Proposed Purchasing Changes

If, in FY 2014, the president’s proposal were authorized by Congress, instead of Food for Peace commodities all being purchased in the United States and grown by American farmers, no less than 55 percent of them, such as rice, would be procured domestically. Consequently, however, 45 percent of Food for Peace commodity procurement could be obtained overseas, not from American farmers.

More alarming, after FY 2014, the president does not make it clear how or from whom Food for Peace commodities would be purchased or if they all would be American-grown and American-sourced. Using a public bidding process, the USDA purchases U.S.-grown commodities, such as rice, to be donated through Food for Peace to the malnourished and hungry overseas. USAID administers Food for Peace food aid distribution abroad.

USAID already operates under the separate authority of the international disaster assistance (IDA) program, which includes allowing the agency to use U.S. funding to acquire food aid from overseas sources or to provide cash or vouchers to recipients. There is no need to convert Food for Peace into an expanded version of USAID’s IDA program. If USAID needs more funding for food aid in its IDA program, then that request could be submitted to Congress for consideration, without having to take the funding from the Food for Peace program.

‘From The American People’

Food for Peace works well.

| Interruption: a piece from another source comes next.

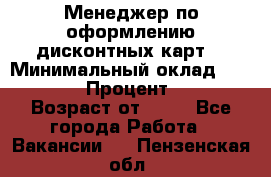 Менеджер по оформлению дисконтных карт  › Минимальный оклад ­ 20 000 › Процент ­ 20 › Возраст от ­ 20 - Все города Работа » Вакансии   . Пензенская обл.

Since its 1954 enactment, Congress has revised Food for Peace to facilitate its efficient, transparent, reliable and accountable operation and to provide highly nutritious commodities that are grown by American farmers. The commodities are processed domestically, transported to, loaded onto ships at, and shipped from American ports.

Moving Food for Peace funding to USAID in no way guarantees or ensures that these highly nutritious commodities will be any more nutritious or available, or handled any more efficiently, transparently, reliably or accountably than they are through Food for Peace.

Americans fund Food for Peace. Food for Peace containers with the American flag on them say, “From The American People.” Food for Peace commodities all should continue to be procured in America using American-grown commodities.